Search the records below for "A modern kitchen". Return that line and all remaining lines exactly.

(Collected data)
*** Block opens ***
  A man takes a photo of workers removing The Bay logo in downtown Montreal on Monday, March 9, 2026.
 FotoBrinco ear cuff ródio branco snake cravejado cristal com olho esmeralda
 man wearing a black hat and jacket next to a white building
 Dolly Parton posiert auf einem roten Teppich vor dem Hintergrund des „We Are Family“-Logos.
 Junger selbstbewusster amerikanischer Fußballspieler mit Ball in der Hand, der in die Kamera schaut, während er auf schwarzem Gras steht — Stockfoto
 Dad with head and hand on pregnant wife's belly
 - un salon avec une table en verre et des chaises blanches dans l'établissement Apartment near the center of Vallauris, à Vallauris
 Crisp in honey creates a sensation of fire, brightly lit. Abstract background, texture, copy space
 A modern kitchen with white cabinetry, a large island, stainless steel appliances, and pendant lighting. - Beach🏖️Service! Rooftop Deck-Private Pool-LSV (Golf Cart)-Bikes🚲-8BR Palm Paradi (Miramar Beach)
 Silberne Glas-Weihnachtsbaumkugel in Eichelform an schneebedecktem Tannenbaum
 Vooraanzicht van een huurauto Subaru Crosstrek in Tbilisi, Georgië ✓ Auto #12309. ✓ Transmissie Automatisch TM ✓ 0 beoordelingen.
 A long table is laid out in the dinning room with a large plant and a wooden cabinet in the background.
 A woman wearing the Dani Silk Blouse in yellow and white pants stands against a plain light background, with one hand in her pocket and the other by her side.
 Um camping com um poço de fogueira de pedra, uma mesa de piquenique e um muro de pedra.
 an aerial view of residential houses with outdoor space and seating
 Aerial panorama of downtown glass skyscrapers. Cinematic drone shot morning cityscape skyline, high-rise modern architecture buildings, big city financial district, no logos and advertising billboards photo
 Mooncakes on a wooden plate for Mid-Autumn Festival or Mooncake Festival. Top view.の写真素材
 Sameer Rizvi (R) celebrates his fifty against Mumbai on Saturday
*** Block closes ***
* _Answer to the exercise_:
 A modern kitchen with white cabinetry, a large island, stainless steel appliances, and pendant lighting. - Beach🏖️Service! Rooftop Deck-Private Pool-LSV (Golf Cart)-Bikes🚲-8BR Palm Paradi (Miramar Beach)
 Silberne Glas-Weihnachtsbaumkugel in Eichelform an schneebedecktem Tannenbaum
 Vooraanzicht van een huurauto Subaru Crosstrek in Tbilisi, Georgië ✓ Auto #12309. ✓ Transmissie Automatisch TM ✓ 0 beoordelingen.
 A long table is laid out in the dinning room with a large plant and a wooden cabinet in the background.
 A woman wearing the Dani Silk Blouse in yellow and white pants stands against a plain light background, with one hand in her pocket and the other by her side.
 Um camping com um poço de fogueira de pedra, uma mesa de piquenique e um muro de pedra.
 an aerial view of residential houses with outdoor space and seating
 Aerial panorama of downtown glass skyscrapers. Cinematic drone shot morning cityscape skyline, high-rise modern architecture buildings, big city financial district, no logos and advertising billboards photo
 Mooncakes on a wooden plate for Mid-Autumn Festival or Mooncake Festival. Top view.の写真素材
 Sameer Rizvi (R) celebrates his fifty against Mumbai on Saturday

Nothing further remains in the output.